** Input data follows **
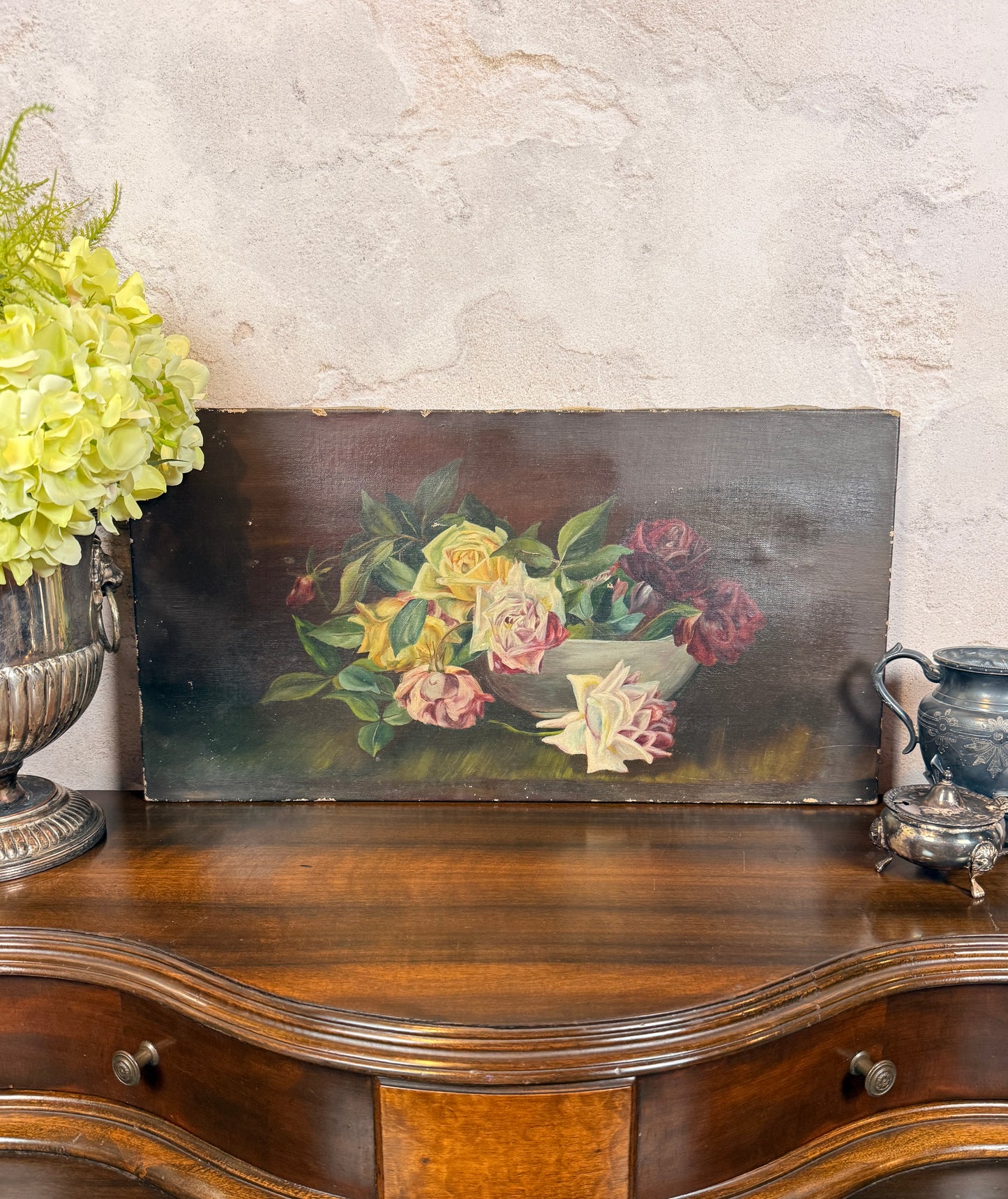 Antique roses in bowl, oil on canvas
** End of Input data **
** Input data follows **
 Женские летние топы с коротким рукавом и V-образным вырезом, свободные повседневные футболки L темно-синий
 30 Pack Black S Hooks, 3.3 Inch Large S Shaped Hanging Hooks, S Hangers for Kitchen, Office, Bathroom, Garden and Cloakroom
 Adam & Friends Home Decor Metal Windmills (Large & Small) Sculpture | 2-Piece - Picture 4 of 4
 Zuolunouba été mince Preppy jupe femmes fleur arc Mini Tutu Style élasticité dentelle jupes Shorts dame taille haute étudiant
** End of Input data **
** Input data follows **
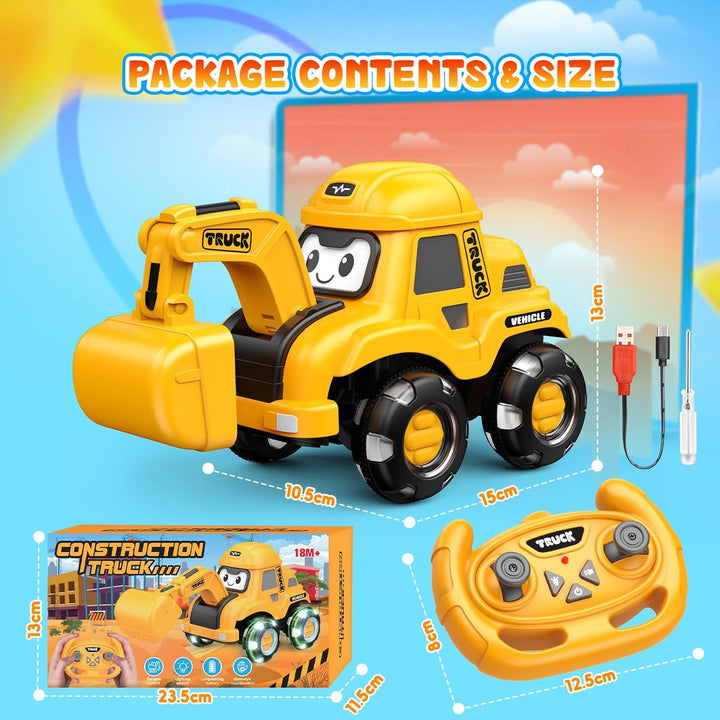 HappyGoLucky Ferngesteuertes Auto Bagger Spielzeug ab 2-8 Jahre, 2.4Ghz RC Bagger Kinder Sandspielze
** End of Input data **
Within the listing above, locate the line containing "Adam & Friends" and the line containing "Zuolunouba été mince". Reproduce those two lines and all lines between them exactly, with nothing added.

-- Exercise response --
 Adam & Friends Home Decor Metal Windmills (Large & Small) Sculpture | 2-Piece - Picture 4 of 4
 Zuolunouba été mince Preppy jupe femmes fleur arc Mini Tutu Style élasticité dentelle jupes Shorts dame taille haute étudiant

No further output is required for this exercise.